### WORK TO BE COMPLETED
Copy word for word the lines of the records below, beginning at the one with "Ruhiger See mit" and finishing at the one with "(PTI) Ganderbal: People", ends included, but none of the pictures.

### DATA PROVIDED
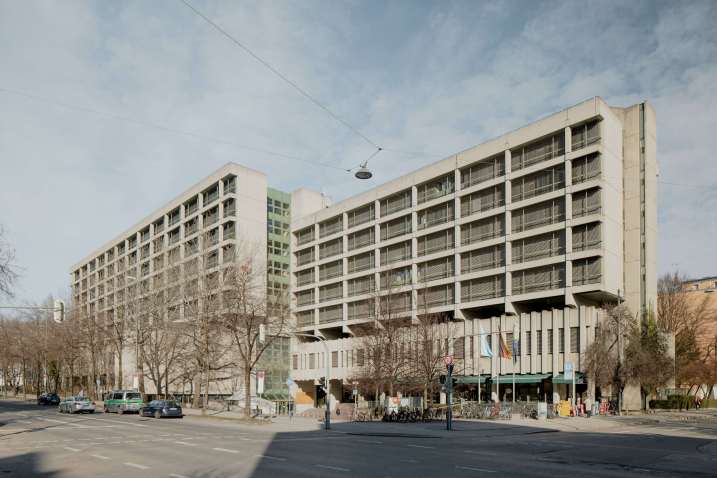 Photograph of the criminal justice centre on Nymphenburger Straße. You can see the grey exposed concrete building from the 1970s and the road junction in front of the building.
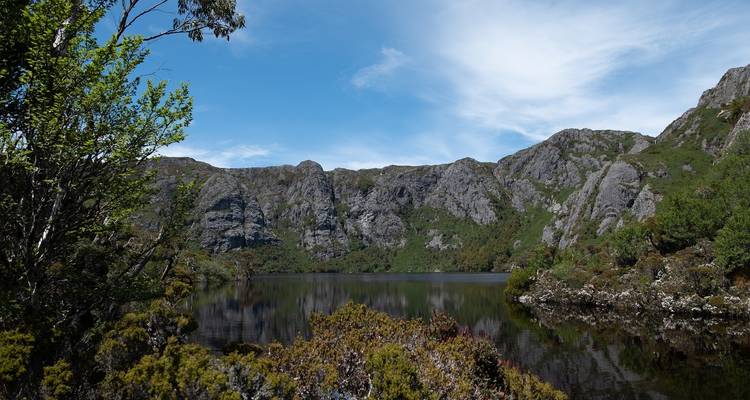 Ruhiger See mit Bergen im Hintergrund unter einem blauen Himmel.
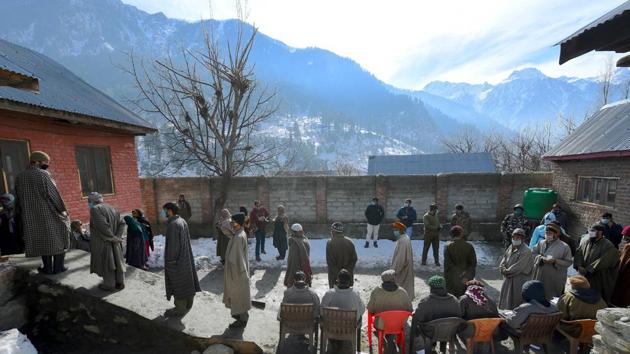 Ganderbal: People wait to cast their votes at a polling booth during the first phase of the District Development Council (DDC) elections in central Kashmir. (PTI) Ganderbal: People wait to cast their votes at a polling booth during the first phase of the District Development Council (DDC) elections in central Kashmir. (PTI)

---

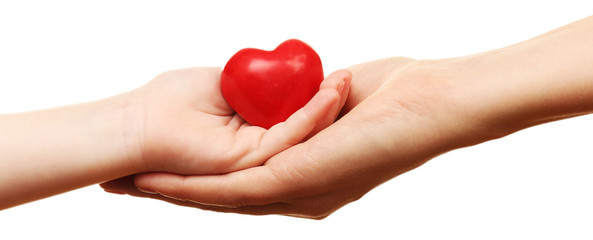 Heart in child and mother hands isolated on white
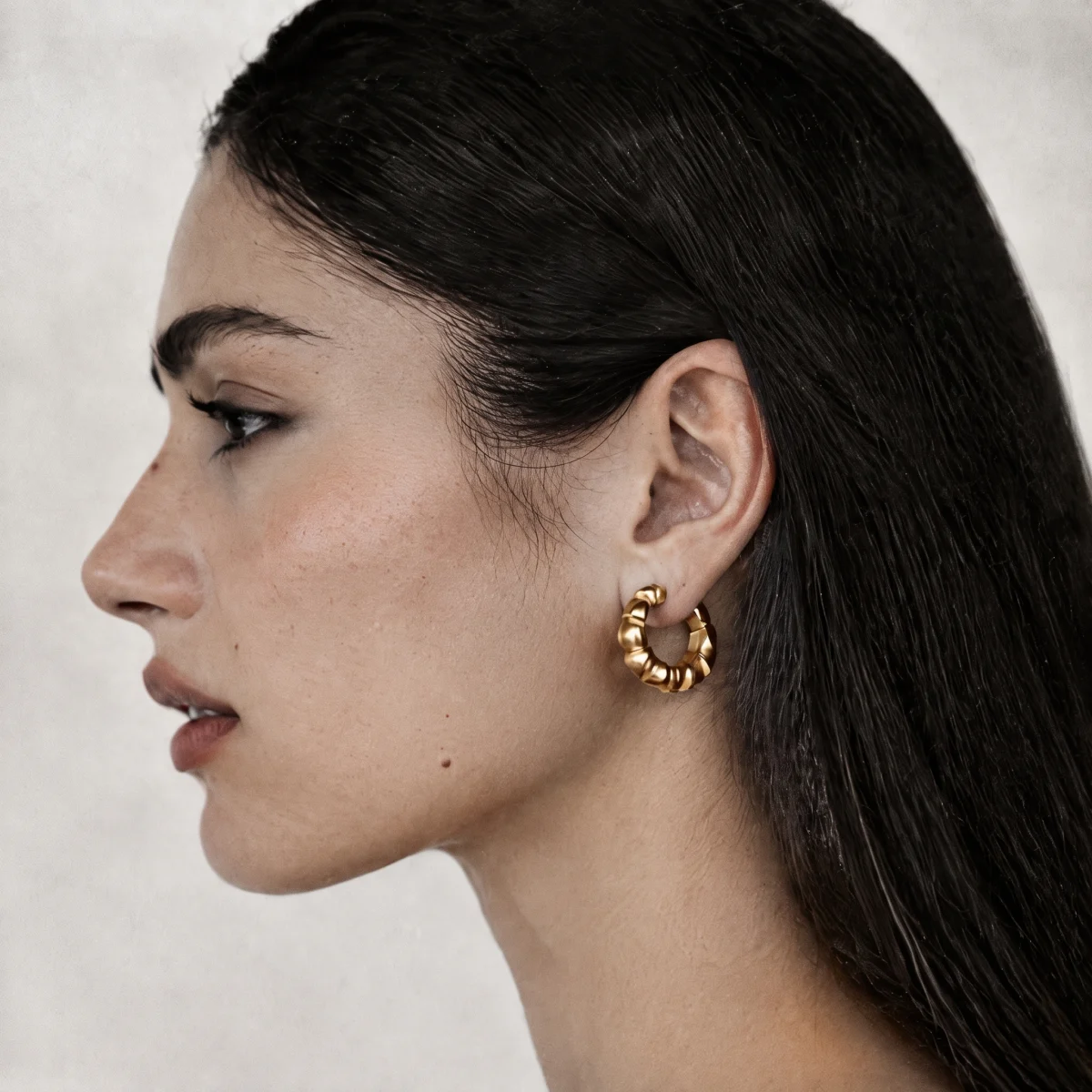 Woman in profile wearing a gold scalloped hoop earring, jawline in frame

### RESPONSE
 Ruhiger See mit Bergen im Hintergrund unter einem blauen Himmel.
 Ganderbal: People wait to cast their votes at a polling booth during the first phase of the District Development Council (DDC) elections in central Kashmir. (PTI) Ganderbal: People wait to cast their votes at a polling booth during the first phase of the District Development Council (DDC) elections in central Kashmir. (PTI)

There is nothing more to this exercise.